* _EXERCISE OBJECTIVE_
An exact transcription of every record is needed, leaving out the pictures.
** EXCERPTED RECORDS follows **
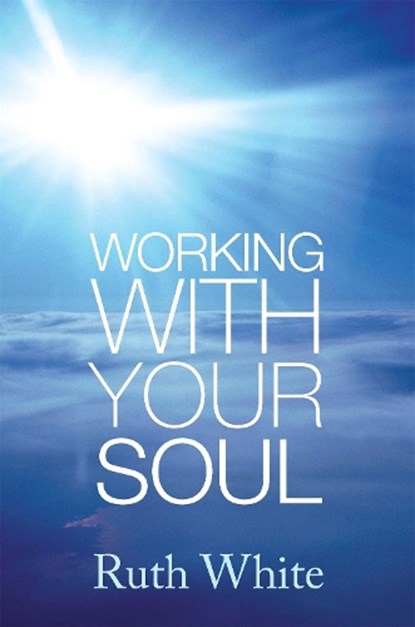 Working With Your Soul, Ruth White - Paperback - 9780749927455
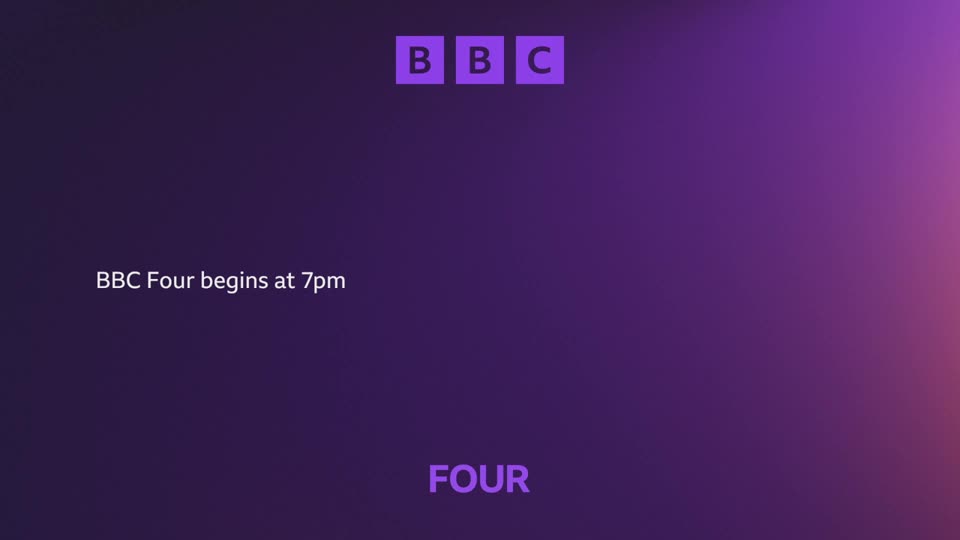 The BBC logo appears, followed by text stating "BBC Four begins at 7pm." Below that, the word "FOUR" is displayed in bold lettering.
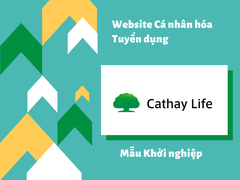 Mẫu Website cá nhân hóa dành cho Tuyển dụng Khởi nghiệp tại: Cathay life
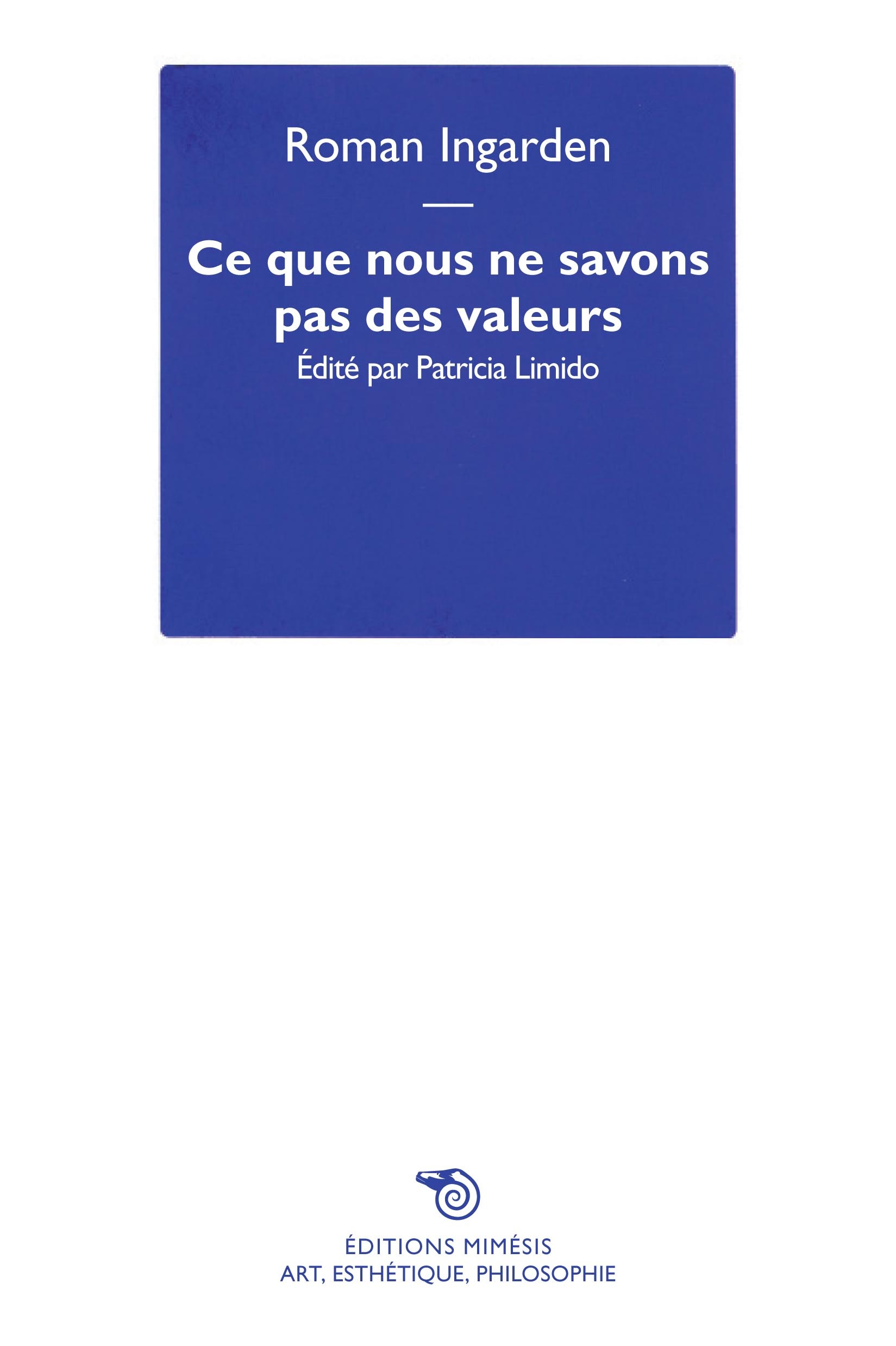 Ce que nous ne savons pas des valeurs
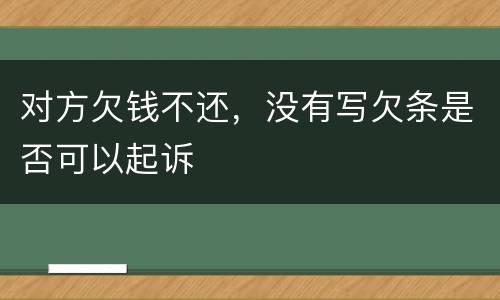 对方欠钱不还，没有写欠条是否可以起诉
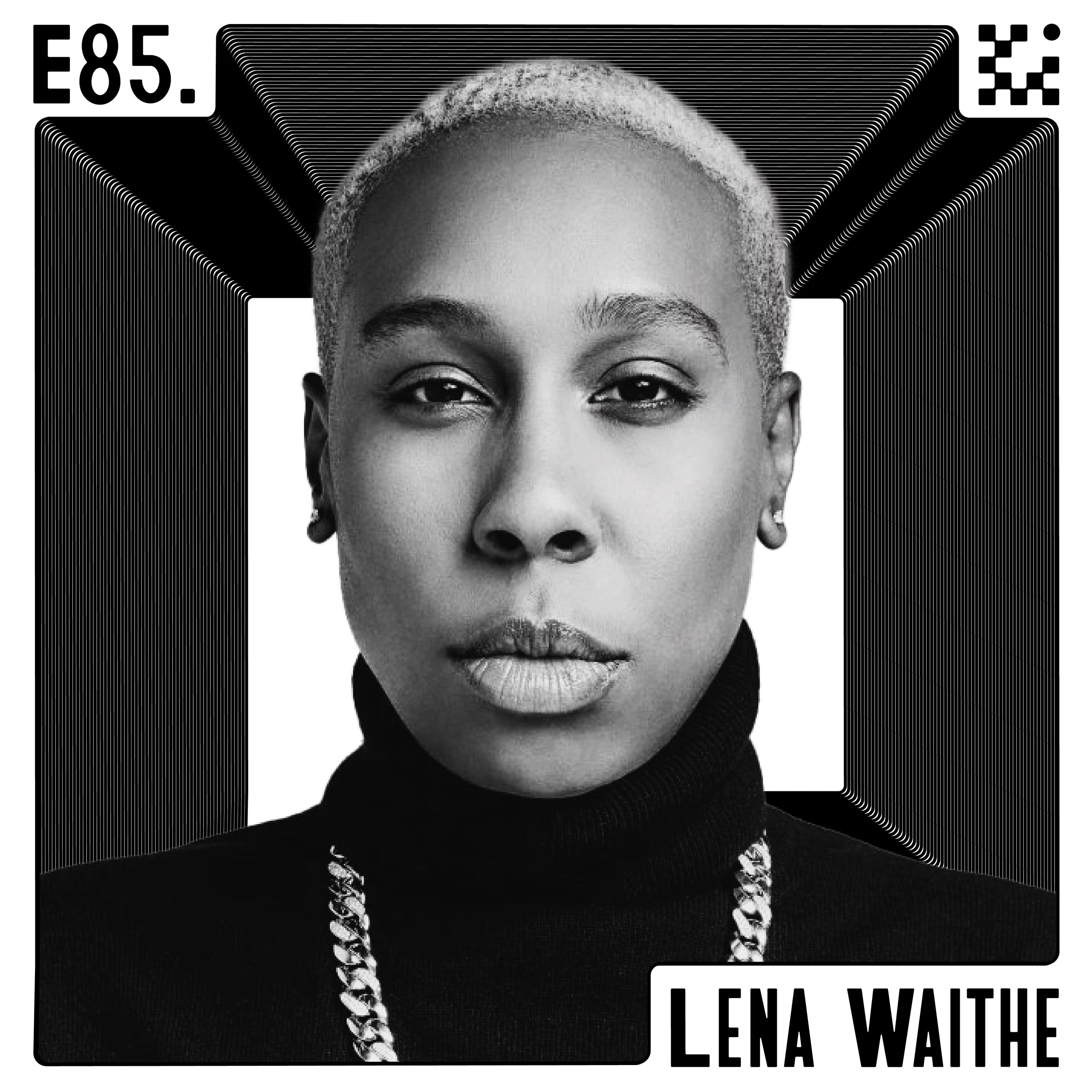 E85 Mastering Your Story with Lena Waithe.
** End of EXCERPTED RECORDS **
* _WRITTEN SOLUTION_
 Working With Your Soul, Ruth White - Paperback - 9780749927455
 The BBC logo appears, followed by text stating "BBC Four begins at 7pm." Below that, the word "FOUR" is displayed in bold lettering.
 Mẫu Website cá nhân hóa dành cho Tuyển dụng Khởi nghiệp tại: Cathay life
 Ce que nous ne savons pas des valeurs
 对方欠钱不还，没有写欠条是否可以起诉
 E85 Mastering Your Story with Lena Waithe.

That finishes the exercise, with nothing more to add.